La salle hypostyle a été commandée sous le règne de Ramsès II. Sa décoration s'est poursuivie sous le règne de son fils et successeur Mérenptah comme l'attestent les dédicaces qu'il fit sculpter sur le soubassement de granite des murs de la salle. Ramsès III y rajoutera également son empreinte en y inscrivant sa titulature à la suite de ses illustres ancêtres.
La salle hypostyle et le pylône furent rajoutés au temple de Ptah déjà existant et qui s'est ainsi vu agrandi sur un modèle proche du grand temple d'Amon-Rê de Karnak, preuve de l'attention nouvelle et particulière que les ramessides portèrent à la vieille divinité memphite.
Pour restituer une image de ce complexe religieux il convient donc de consulter les descriptions d'historiens, de géographes ou de savants de l'Histoire qui ont pu visiter le site soit dans l'Antiquité, alors que le temple déjà millénaire fonctionnait encore, soit celles plus tardives des voyageurs arabes qui parcoururent ses ruines.
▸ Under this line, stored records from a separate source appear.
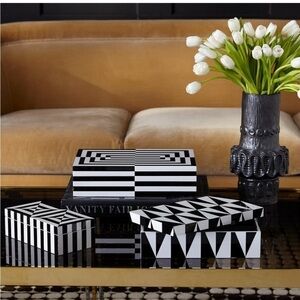 Handcrafts Home Handmade Harlequin Collection Decorative Jewelry Box Antique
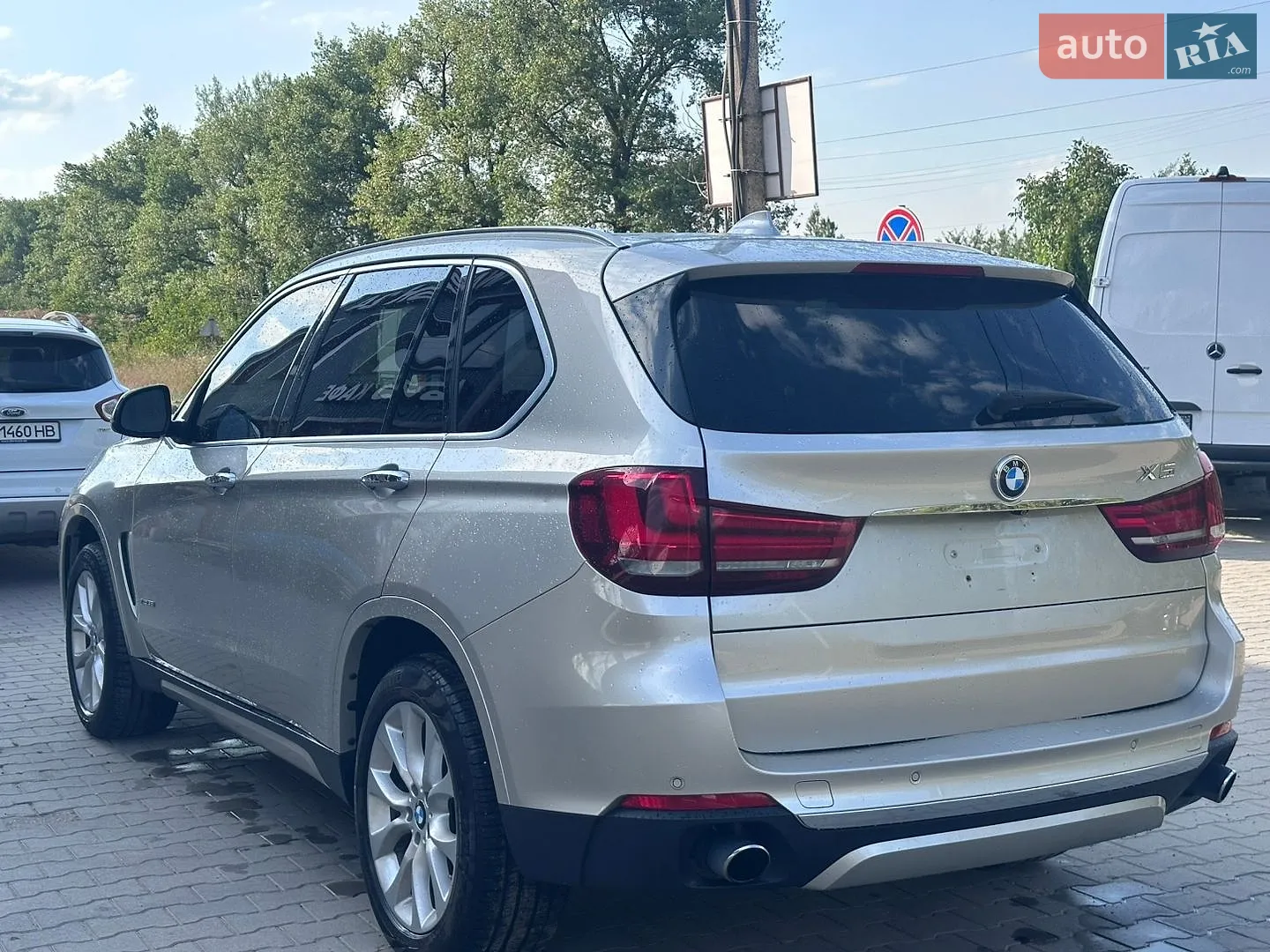 2015 BMW X5 - мініатюра 3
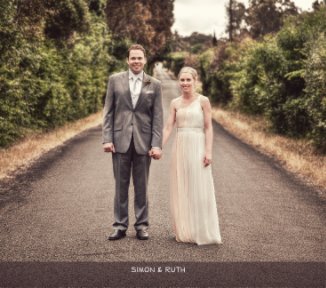 Simon and Ruth Wedding book cover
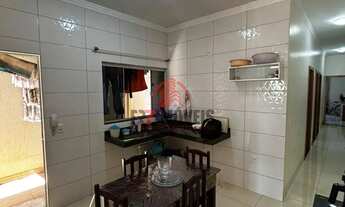 Imagem 4: LINDA CASA COM 3Q E QUINTAL! MCMV ÓTIMA LOCALIZAÇÃO NO JARDIM BONANZA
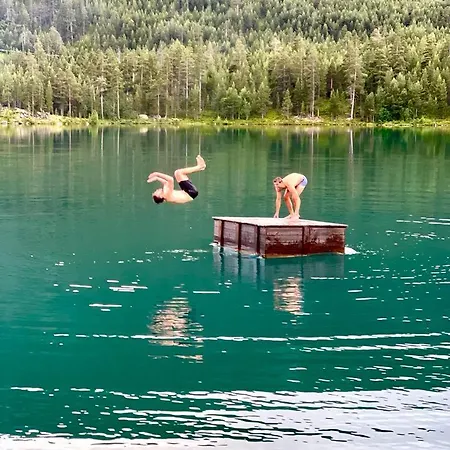 Reinheimen 山林小屋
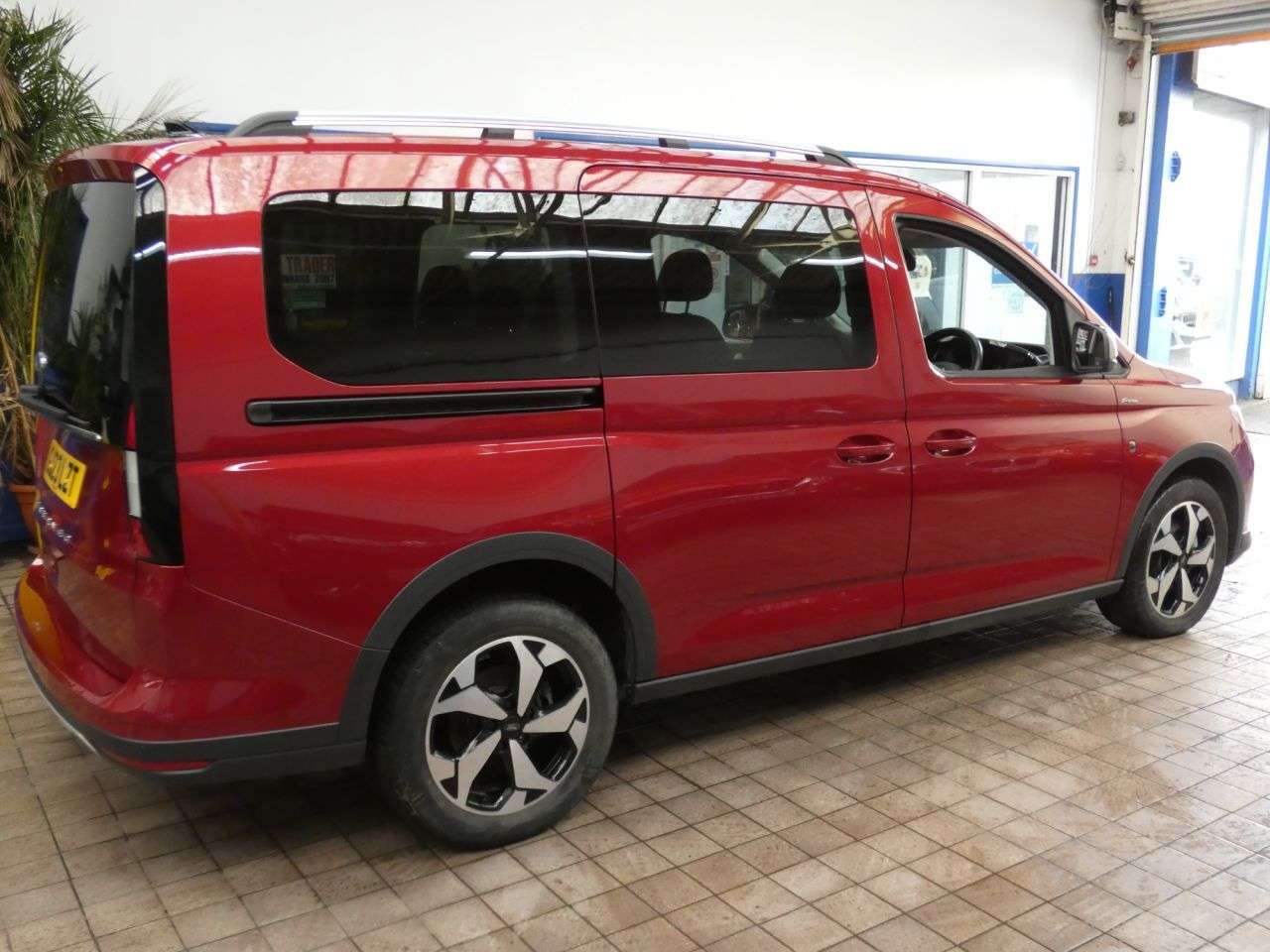 2023 FORD GRAND TOURNEO CONNECT 2023 FORD GRAND TOURNEO CONNECT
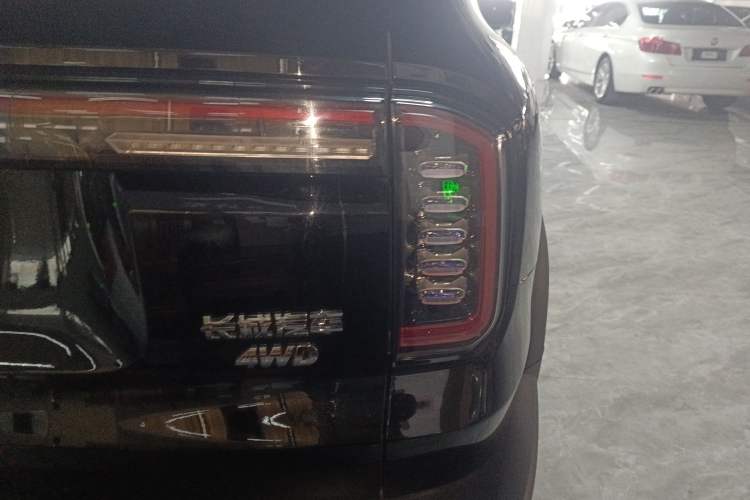 Used Haval DARGO 2024 1.5T DCT Border Collie Edition
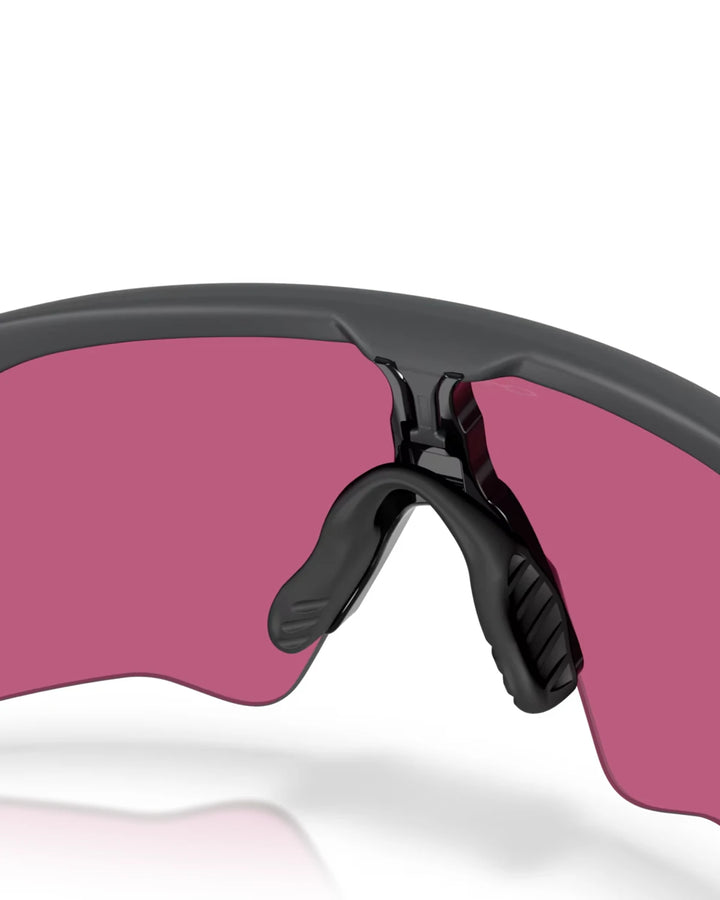Oakley Radar EV Heater Sunglasses - Matte Carbon Frame - Prizm Field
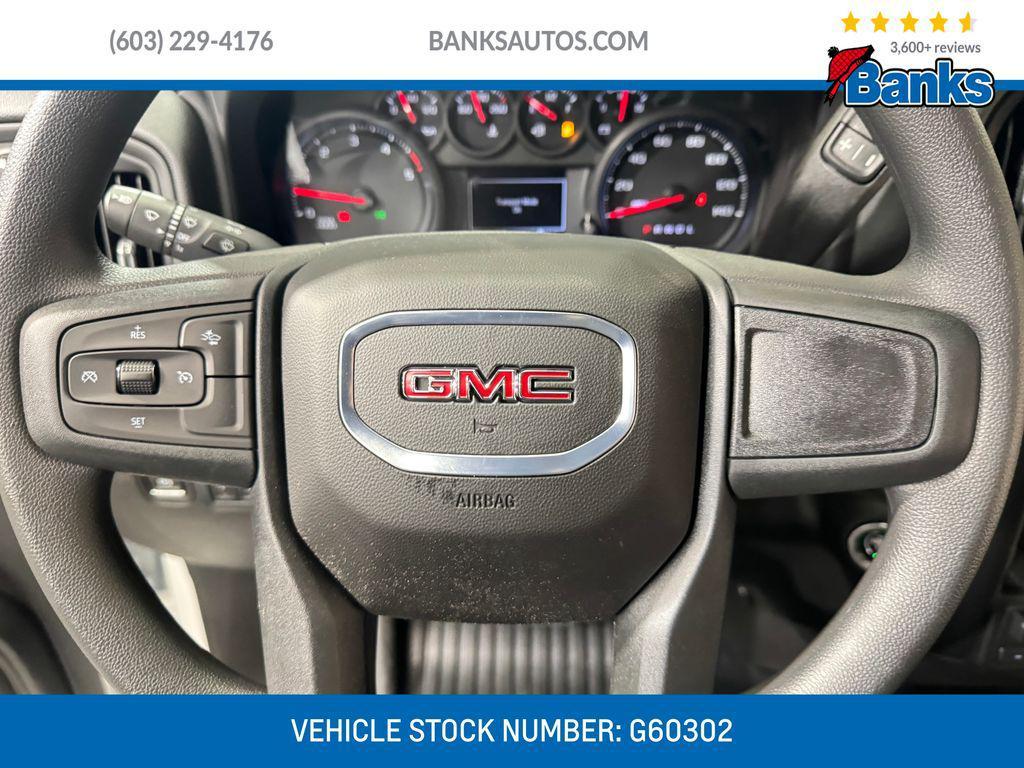 new 2026 GMC Sierra 3500 car, priced at $64,878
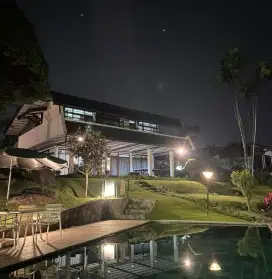 Villa dijual murah 1Ha(1jt/mtr)Jogjogan Cisarua Bogor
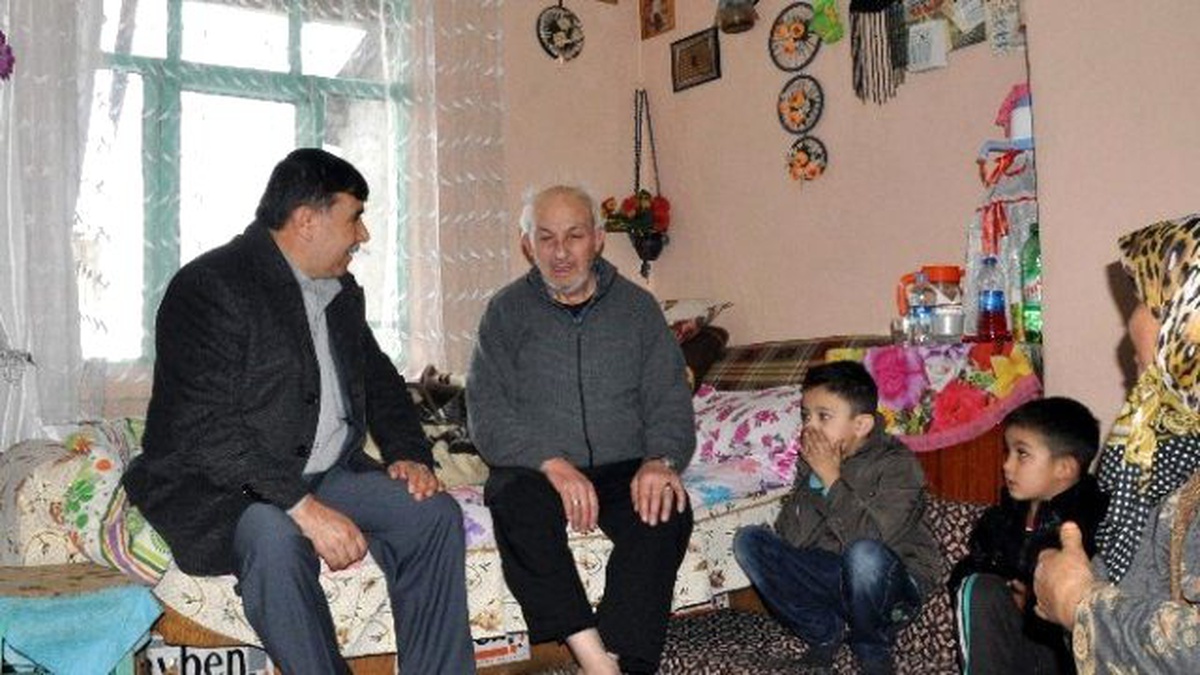 Emet Belediyesi\'nden Hasta ve Kimsesizlere Şefkat Eli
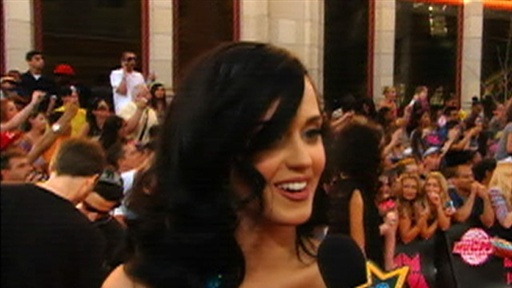 Katy Perry, Adam Lambert and More at the 2010 MuchMusic Video Aw Video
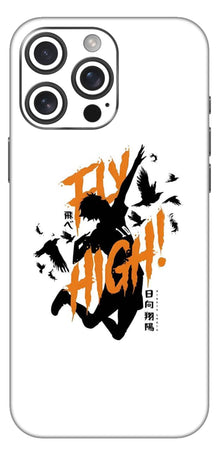 Haikyu Mobile Skin (Fly High) - All Mobile Available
Les premières tentatives d'identification ont été réalisées et entamées à partir du XVIe siècle. À la fin du XVIIIe siècle les savants de Bonaparte ont authentifié le site et ouvert la voie aux premières explorations. Puis les fouilles archéologiques sont venues peu à peu rendre à cet héritage des traces tangibles esquissant ainsi un tableau un peu plus précis bien que certains pans entiers de l'ensemble restent encore dans l'ombre.
La grande enceinte dont le tracé a pu être relevé et certains vestiges et fondations explorés lors de différentes fouilles réalisées au XIXe siècle puis au XXe siècle, était bâtie en brique crue et dans son développement principal actuellement connu remonte à la fin de la Basse époque voire de la période Ptolémaïque.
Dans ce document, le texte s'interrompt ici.